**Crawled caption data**

__________

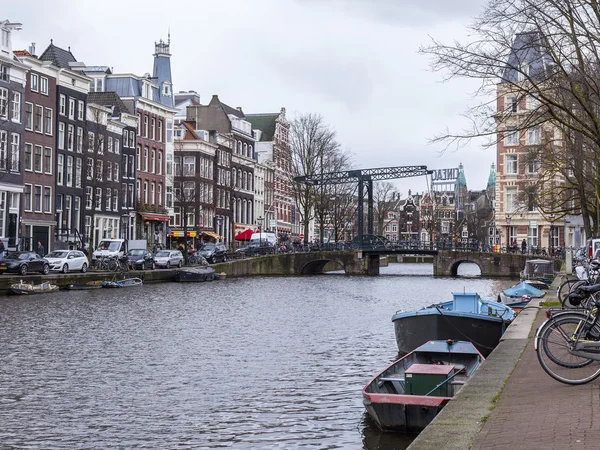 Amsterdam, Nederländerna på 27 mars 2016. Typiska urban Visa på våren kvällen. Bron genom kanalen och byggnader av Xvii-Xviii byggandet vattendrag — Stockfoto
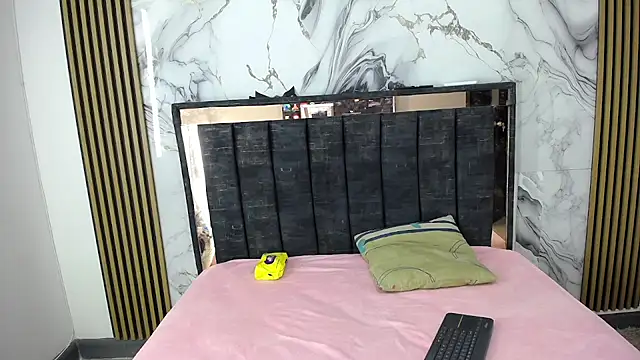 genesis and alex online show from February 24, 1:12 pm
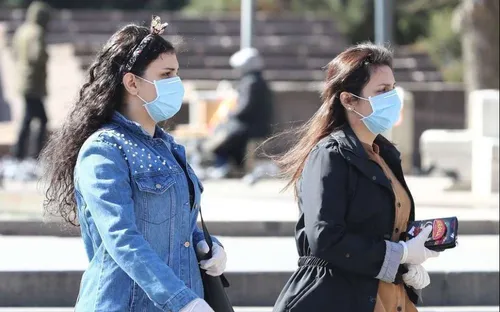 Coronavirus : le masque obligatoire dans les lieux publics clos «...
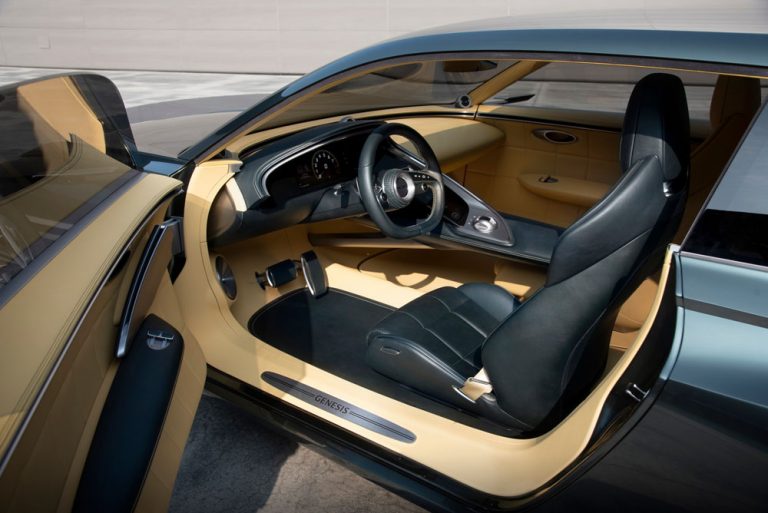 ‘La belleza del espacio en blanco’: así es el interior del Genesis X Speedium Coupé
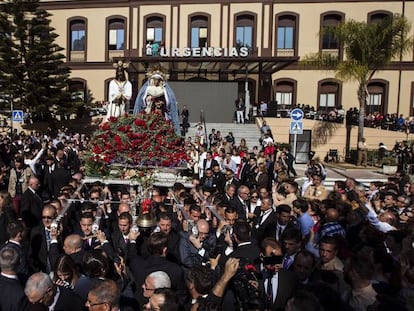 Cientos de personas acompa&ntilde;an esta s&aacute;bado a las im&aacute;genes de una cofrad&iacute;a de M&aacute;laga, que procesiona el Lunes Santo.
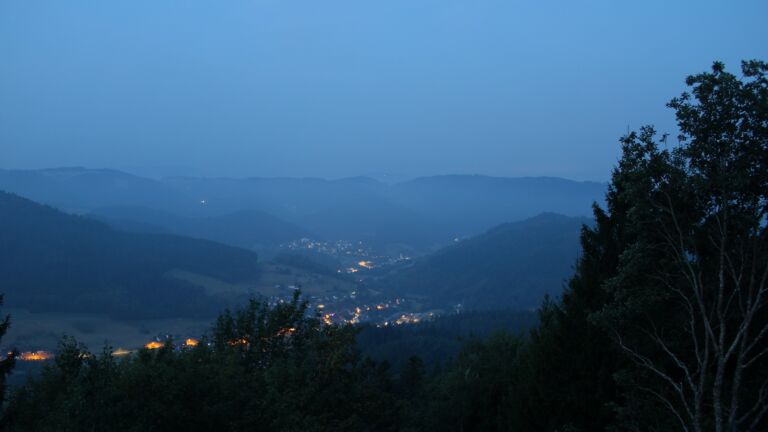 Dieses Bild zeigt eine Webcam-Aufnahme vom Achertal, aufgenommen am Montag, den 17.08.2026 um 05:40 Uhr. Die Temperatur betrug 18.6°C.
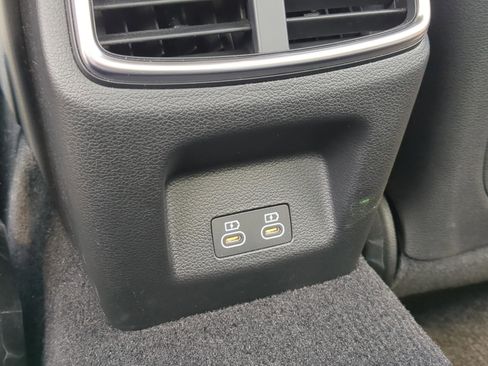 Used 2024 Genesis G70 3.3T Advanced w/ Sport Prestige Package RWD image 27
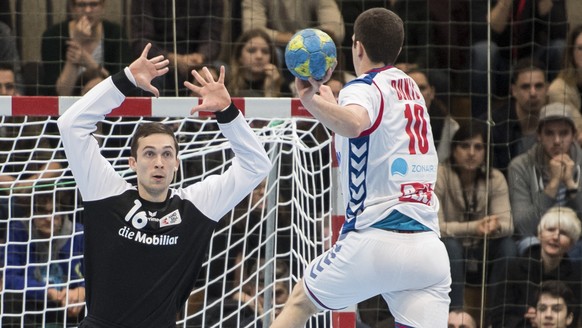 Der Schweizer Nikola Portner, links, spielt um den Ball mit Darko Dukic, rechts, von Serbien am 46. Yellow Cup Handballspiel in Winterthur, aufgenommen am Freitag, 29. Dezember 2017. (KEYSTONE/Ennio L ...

__________

**TASK**
Return only the lines from the one containing "X Speedium Coupé" through the last line of the entries above, exactly as written and without pictures.

**WRITTEN REPLY**
 ‘La belleza del espacio en blanco’: así es el interior del Genesis X Speedium Coupé
 Cientos de personas acompa&ntilde;an esta s&aacute;bado a las im&aacute;genes de una cofrad&iacute;a de M&aacute;laga, que procesiona el Lunes Santo.
 Dieses Bild zeigt eine Webcam-Aufnahme vom Achertal, aufgenommen am Montag, den 17.08.2026 um 05:40 Uhr. Die Temperatur betrug 18.6°C.
 Used 2024 Genesis G70 3.3T Advanced w/ Sport Prestige Package RWD image 27
 Der Schweizer Nikola Portner, links, spielt um den Ball mit Darko Dukic, rechts, von Serbien am 46. Yellow Cup Handballspiel in Winterthur, aufgenommen am Freitag, 29. Dezember 2017. (KEYSTONE/Ennio L ...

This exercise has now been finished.